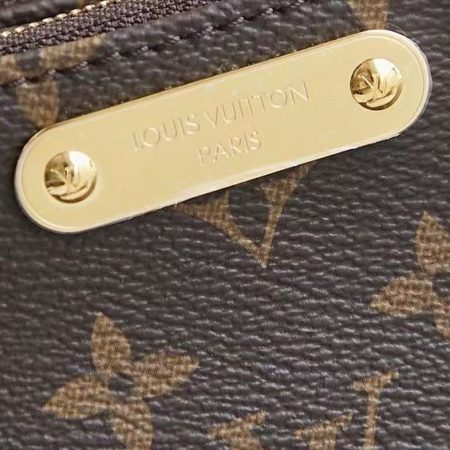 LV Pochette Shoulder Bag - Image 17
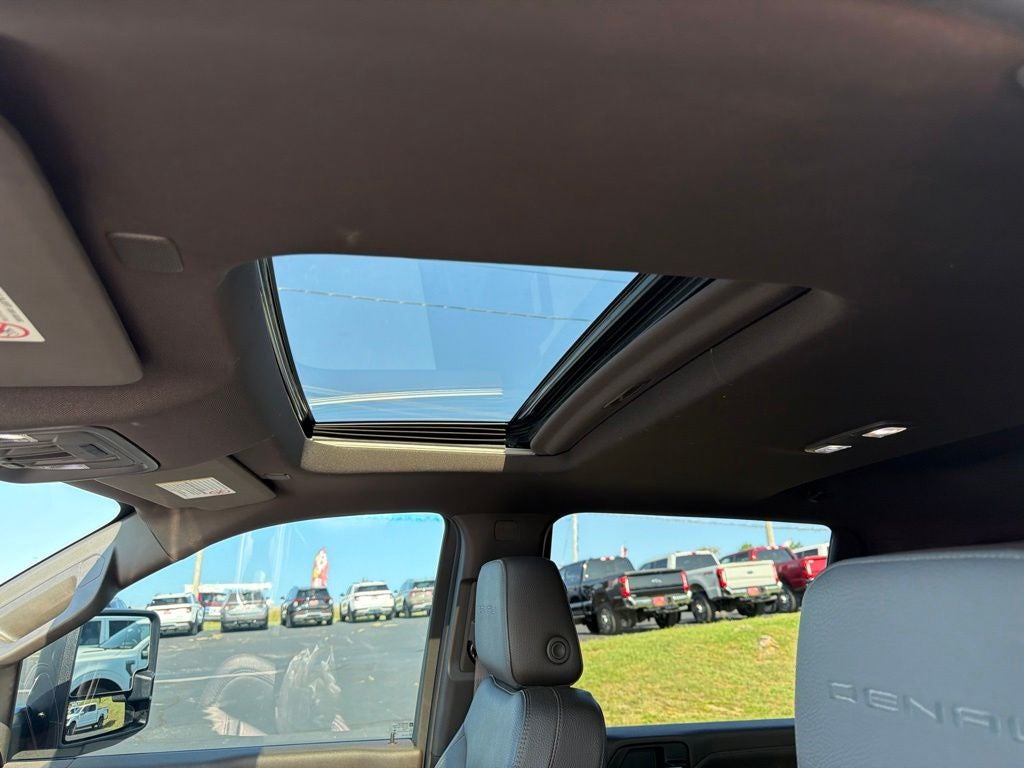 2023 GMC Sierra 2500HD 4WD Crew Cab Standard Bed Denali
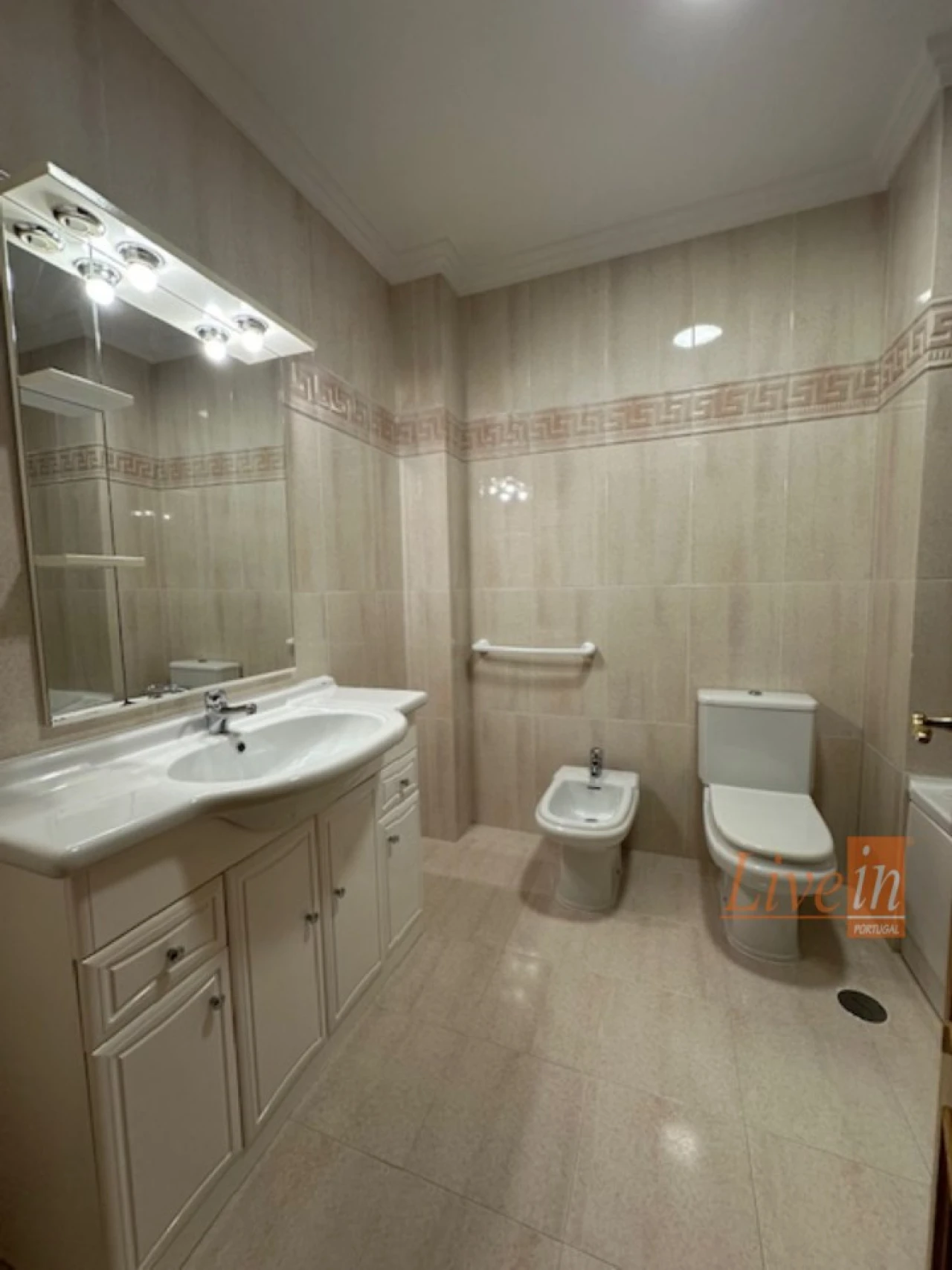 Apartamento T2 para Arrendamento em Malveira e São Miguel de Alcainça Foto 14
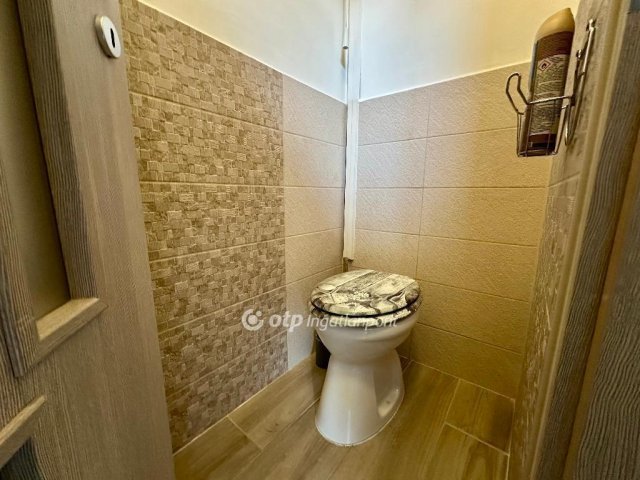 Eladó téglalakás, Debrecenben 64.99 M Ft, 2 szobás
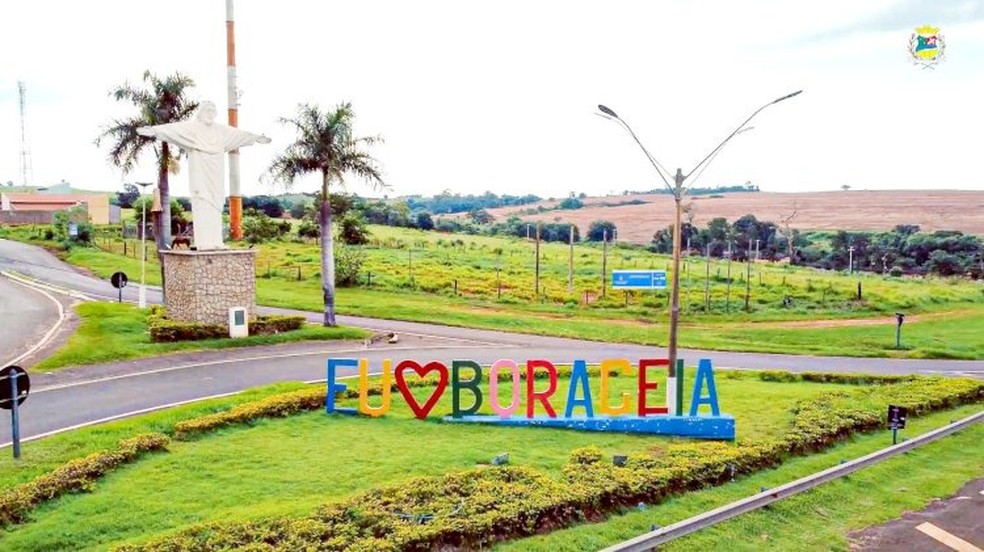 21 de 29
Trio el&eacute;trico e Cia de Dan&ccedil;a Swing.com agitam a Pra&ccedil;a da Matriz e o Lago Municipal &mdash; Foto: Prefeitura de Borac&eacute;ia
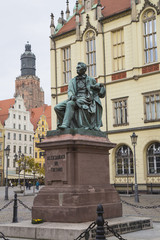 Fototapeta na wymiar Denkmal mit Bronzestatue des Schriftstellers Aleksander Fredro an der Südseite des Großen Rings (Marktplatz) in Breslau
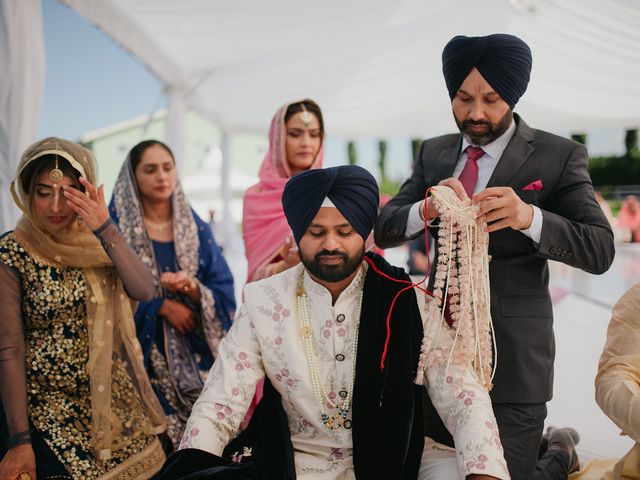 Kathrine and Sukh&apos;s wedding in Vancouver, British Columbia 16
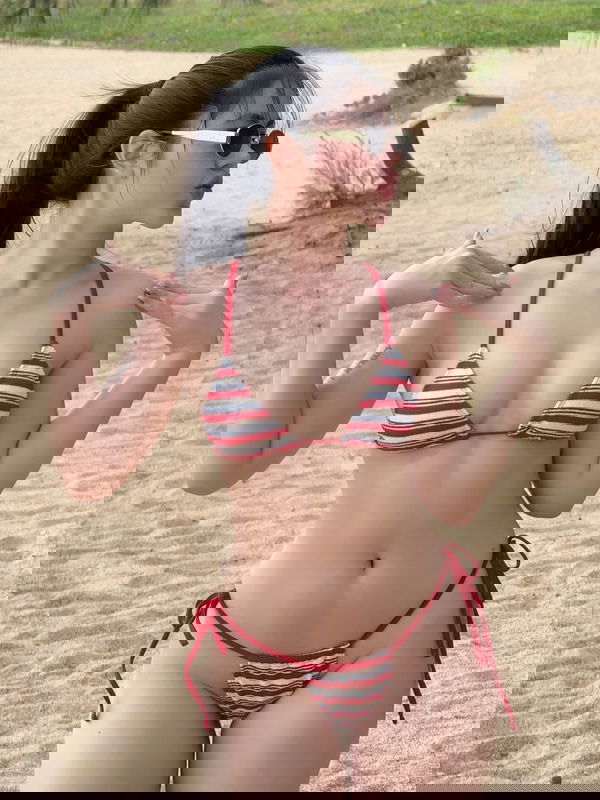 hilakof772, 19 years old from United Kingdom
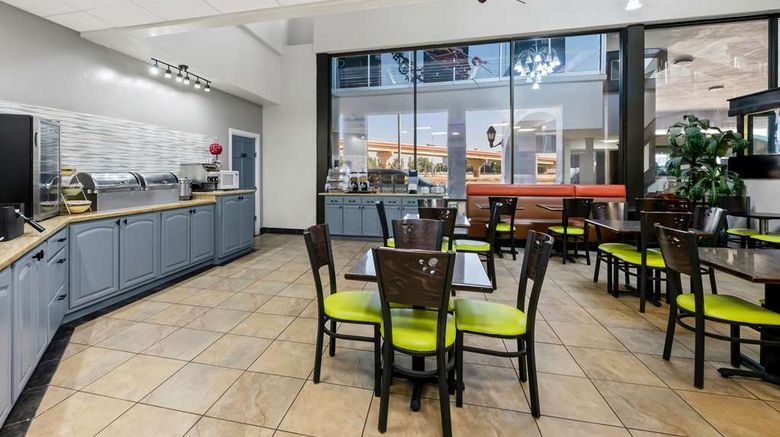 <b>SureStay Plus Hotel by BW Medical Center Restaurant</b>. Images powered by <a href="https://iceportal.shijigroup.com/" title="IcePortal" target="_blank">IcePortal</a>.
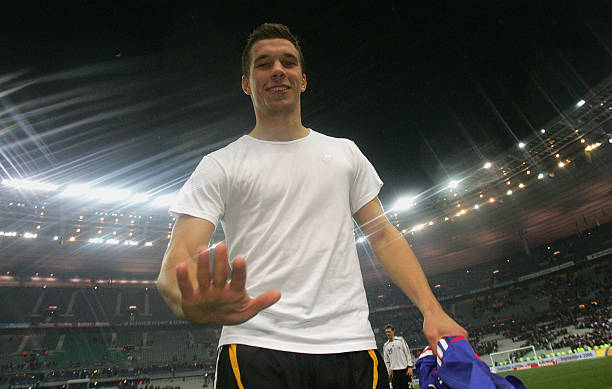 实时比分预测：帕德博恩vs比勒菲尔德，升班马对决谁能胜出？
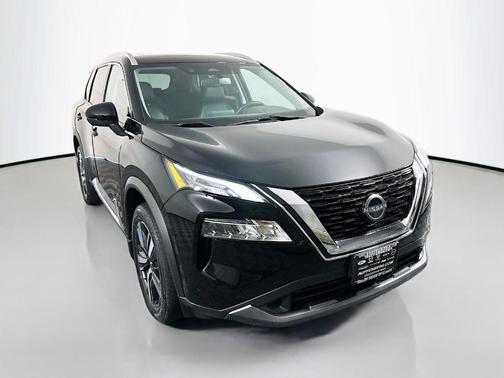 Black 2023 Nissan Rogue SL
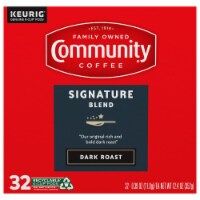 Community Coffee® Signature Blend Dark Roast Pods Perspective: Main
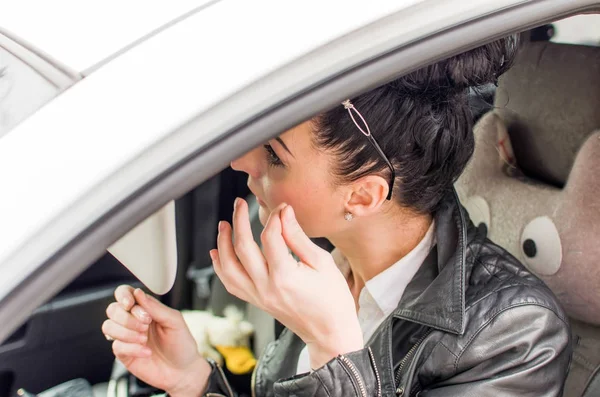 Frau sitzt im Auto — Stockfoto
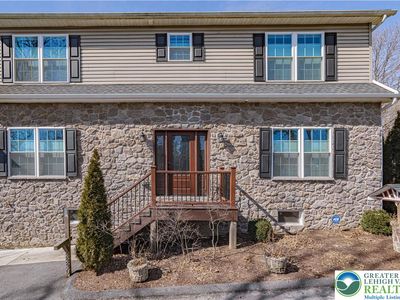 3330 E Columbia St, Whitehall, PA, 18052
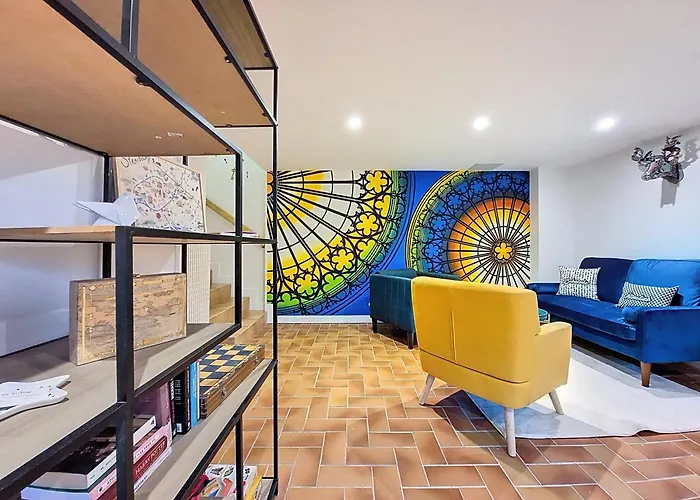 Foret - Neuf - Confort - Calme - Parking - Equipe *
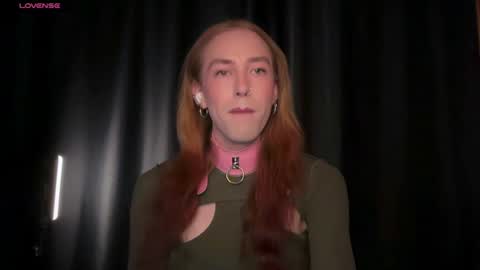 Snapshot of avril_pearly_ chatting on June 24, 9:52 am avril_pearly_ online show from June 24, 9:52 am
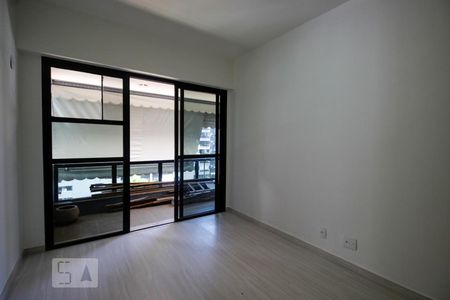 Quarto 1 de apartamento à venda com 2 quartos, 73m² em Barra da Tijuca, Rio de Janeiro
====
[TASK GOAL]:
Please reproduce the listing exactly, leaving out any pictures.

[EXERCISE RESULT]:
 LV Pochette Shoulder Bag - Image 17
 2023 GMC Sierra 2500HD 4WD Crew Cab Standard Bed Denali
 Apartamento T2 para Arrendamento em Malveira e São Miguel de Alcainça Foto 14
 Eladó téglalakás, Debrecenben 64.99 M Ft, 2 szobás
 21 de 29
Trio el&eacute;trico e Cia de Dan&ccedil;a Swing.com agitam a Pra&ccedil;a da Matriz e o Lago Municipal &mdash; Foto: Prefeitura de Borac&eacute;ia
 Fototapeta na wymiar Denkmal mit Bronzestatue des Schriftstellers Aleksander Fredro an der Südseite des Großen Rings (Marktplatz) in Breslau
 Kathrine and Sukh&apos;s wedding in Vancouver, British Columbia 16
 hilakof772, 19 years old from United Kingdom
 <b>SureStay Plus Hotel by BW Medical Center Restaurant</b>. Images powered by <a href="https://iceportal.shijigroup.com/" title="IcePortal" target="_blank">IcePortal</a>.
 实时比分预测：帕德博恩vs比勒菲尔德，升班马对决谁能胜出？
 Black 2023 Nissan Rogue SL
 Community Coffee® Signature Blend Dark Roast Pods Perspective: Main
 Frau sitzt im Auto — Stockfoto
 3330 E Columbia St, Whitehall, PA, 18052
 Foret - Neuf - Confort - Calme - Parking - Equipe *
 Snapshot of avril_pearly_ chatting on June 24, 9:52 am avril_pearly_ online show from June 24, 9:52 am
 Quarto 1 de apartamento à venda com 2 quartos, 73m² em Barra da Tijuca, Rio de Janeiro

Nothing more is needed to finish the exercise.